Up-to-date pricing is achieved using a combination of proprietary crawlers and manual validation processes to access real time prices from the supermarkets’ own sites. MySupermarket marries those prices with its own image database. It obtains products from the manufacturers and retailers and then uses in-house image production combined with post-processing facilities in Thailand.

The company claims an average online grocery cart includes approximately 50 items, with a total cost of 80-110 English pounds ($160-$220). By finding savings for consumers that average 20 percent per cart, and consumers accepting about half those recommendations, the actual savings average around 10 pounds ($20) per cart.

The way mySupermarket works is that users login to mySupermarket and fill-up a “trolley” (British for “shopping cart”). They are then presented with three types of recommendations:

1. Potential savings from switching the entire cart to another supermarket.
2. Potential savings from swapping items in the cart to alternatives from within the same supermarket.
3. Health conscious recommendations (calories, saturates, fat, salt, sugar) for swapping items to healthier alternatives.

The final step—payment—is actually performed on the desired supermarket’s own payment page. It should be noted that the service is absolutely free to consumers.

So where does mySupermarket derive its revenue from? Two sources: The first, targeted advertising based on the cart’s contents.

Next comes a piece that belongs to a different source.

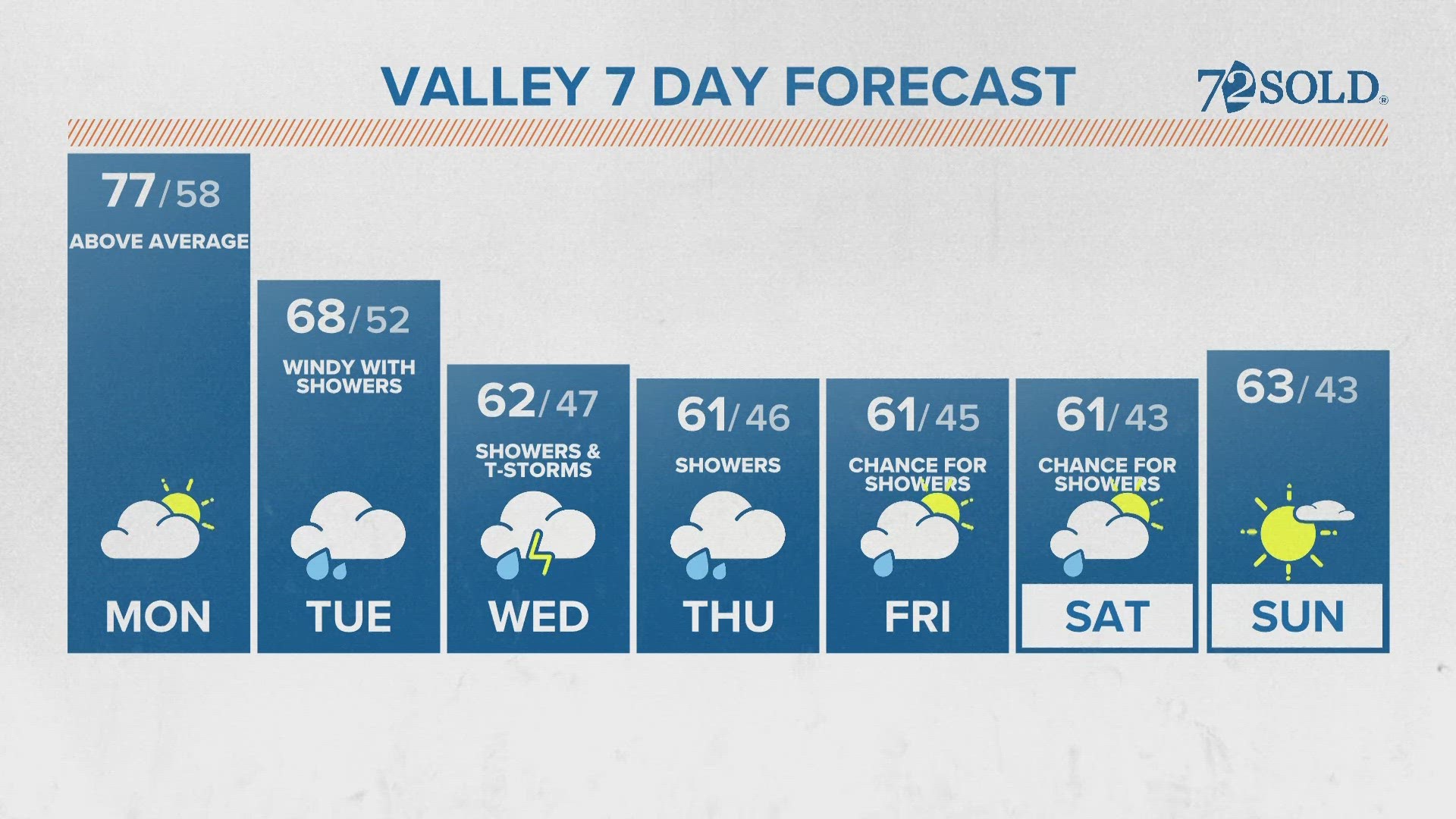 Weather 2-5-24 a.m.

The second, a data service provided to the retailers and merchants which includes price listings, inventory listings (by zipcode), as well as comparison and analysis of products sold within the UK grocery sector. These days mySupermarket is focusing on expanding its UK business, as well as adding features, ad/promotion services and data reporting capabilities.

They are also considering requests to license their technology for non-grocery multi-item comparison shopping.